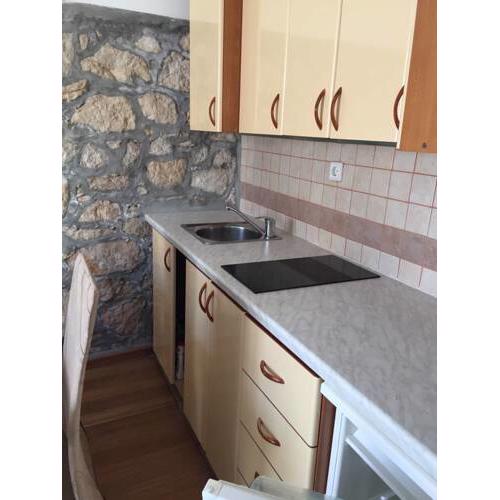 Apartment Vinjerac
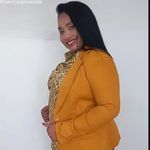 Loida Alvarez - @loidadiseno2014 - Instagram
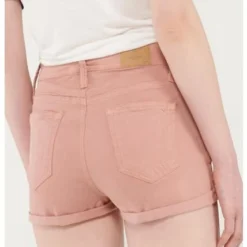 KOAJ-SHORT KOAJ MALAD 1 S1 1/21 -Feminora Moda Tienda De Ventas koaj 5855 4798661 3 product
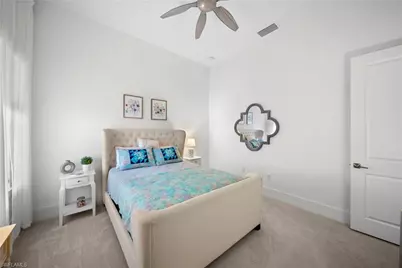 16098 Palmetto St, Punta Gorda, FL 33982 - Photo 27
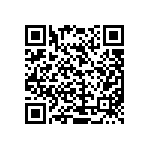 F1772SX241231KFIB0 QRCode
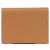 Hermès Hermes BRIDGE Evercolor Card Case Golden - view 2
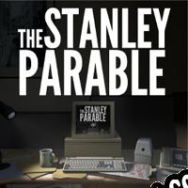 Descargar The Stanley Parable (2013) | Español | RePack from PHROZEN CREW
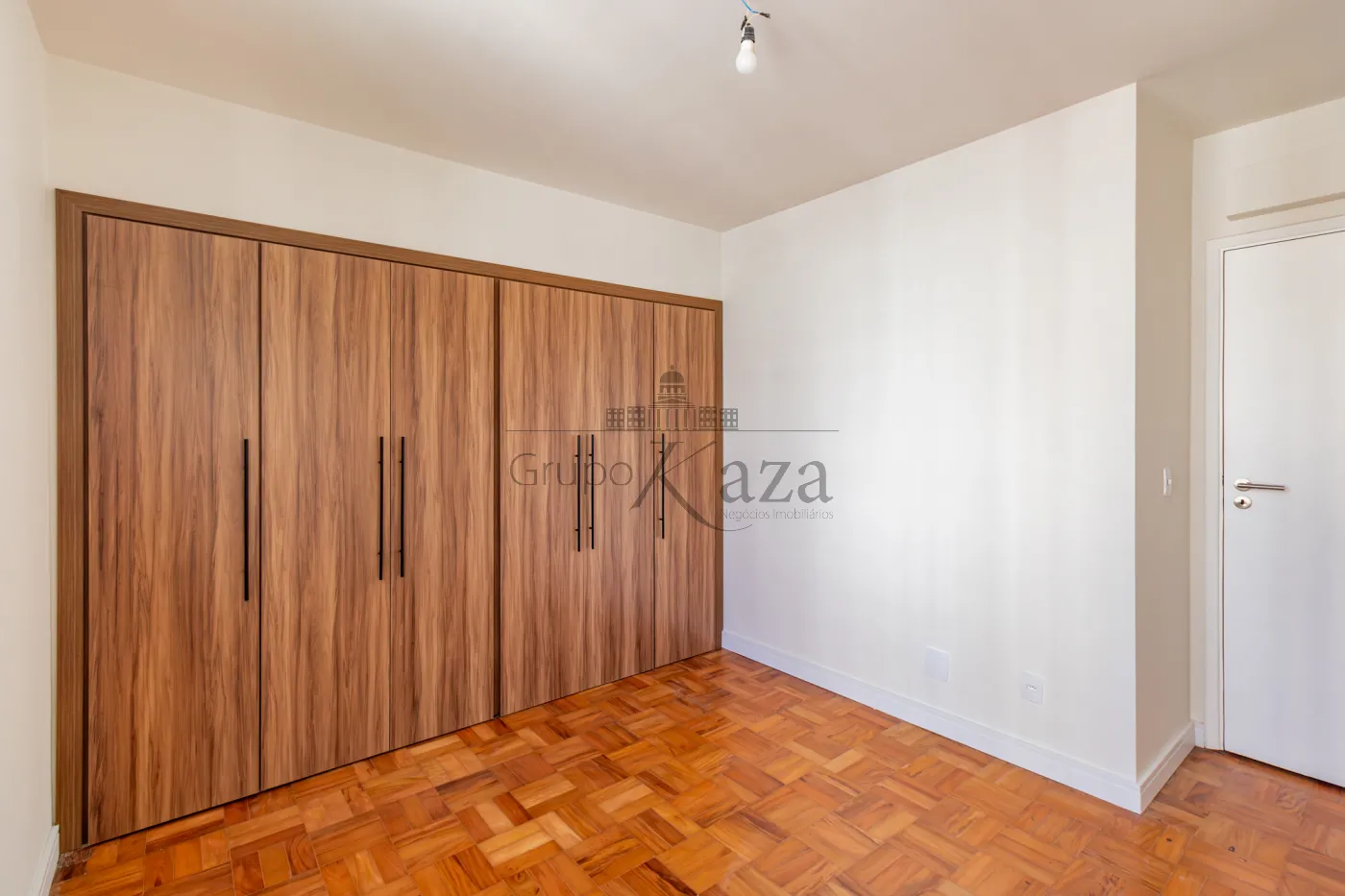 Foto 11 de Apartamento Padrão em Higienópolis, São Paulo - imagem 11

_ _ _ _ _

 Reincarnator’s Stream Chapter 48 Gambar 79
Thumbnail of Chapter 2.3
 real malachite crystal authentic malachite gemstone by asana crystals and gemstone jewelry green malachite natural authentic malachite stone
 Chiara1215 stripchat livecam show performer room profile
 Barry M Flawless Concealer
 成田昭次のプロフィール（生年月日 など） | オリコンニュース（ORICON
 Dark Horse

_ _ _ _ _

What the task requires: When you reach the line holding "Apartment Vinjerac" in the listing above, begin retyping exactly, and stop once the line holding "Foto 11 de Apartamento" is done; pictures stay out.

Reply:
 Apartment Vinjerac
 Loida Alvarez - @loidadiseno2014 - Instagram
 KOAJ-SHORT KOAJ MALAD 1 S1 1/21 -Feminora Moda Tienda De Ventas koaj 5855 4798661 3 product
 16098 Palmetto St, Punta Gorda, FL 33982 - Photo 27
 F1772SX241231KFIB0 QRCode
 Hermès Hermes BRIDGE Evercolor Card Case Golden - view 2
 Descargar The Stanley Parable (2013) | Español | RePack from PHROZEN CREW
 Foto 11 de Apartamento Padrão em Higienópolis, São Paulo - imagem 11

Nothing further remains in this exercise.